Maide suresinin 8. ayetinde de Allah, insana adalete uymasını emreder ve şöyle buyurur:

"Ey iman edenler;  Allah için hakkı ayakta tutan, adaleti gözeten şahitler olun. Ve bir topluluğa karşı olan kininiz sizi adaletsizliğe sürüklemesin. Adalet edin. Bu, takvaya daha yakındır. Ve Allah´tan korkun. Muhakkak ki Allah; işlediklerinizden haberdardır."

Hadid suresinin 25. ayetinde de şöyle buyuruyor: "Peygamberlerimizi, açık belgelerle göndermişizdir. Onların yanında kitabı ve ölçüyü indirdik ki insanlar adaletle yerine getirsinler."

Bu ayette, adaletle ilgili iki kilit noktaya değinilmiştir. Birinci şu ki, Enbiya'nın gönderiliş nedenlerinden biri, halkın adaleti yerine getirmesi ve diğeri de, risalet için bu delil ve belge, sadece Yüce İslam Peygamberine -saa- ait değil ve Allah buyuruyor ki, Peygamberlerimizi, açık belgelerle göndermişizdir.

Kuran-i Kerim'de, Tevhid'den Maad'a, Nübüvvet'ten İmamet'e kadar, bireysel ülkülerden toplumsal hedeflere kadar  bütün İslam esas ve hedefleri, adalet temeli üzerine kurulmuştur.

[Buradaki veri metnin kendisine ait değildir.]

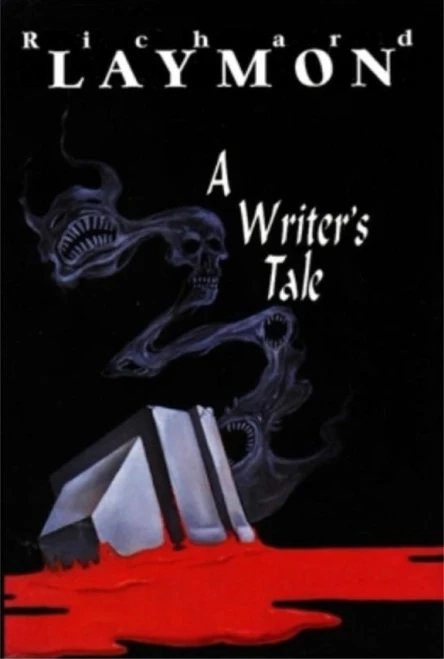 A Writers Tale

Adil insanlar, adaletçi toplumu kurabilir ve bu arada devletler ve elitlerin toplumsal adaletin tesisi için rol ve sorumluluğu daha ağırdır. Kuran-ı Kerim'in vaadine göre, bir zaman muslihler ve müstazaflar, gelmesi vadedilen Mehdi'nin liderliğinde dünyada adaleti bütün ebadında tesis etmiş olacaklar.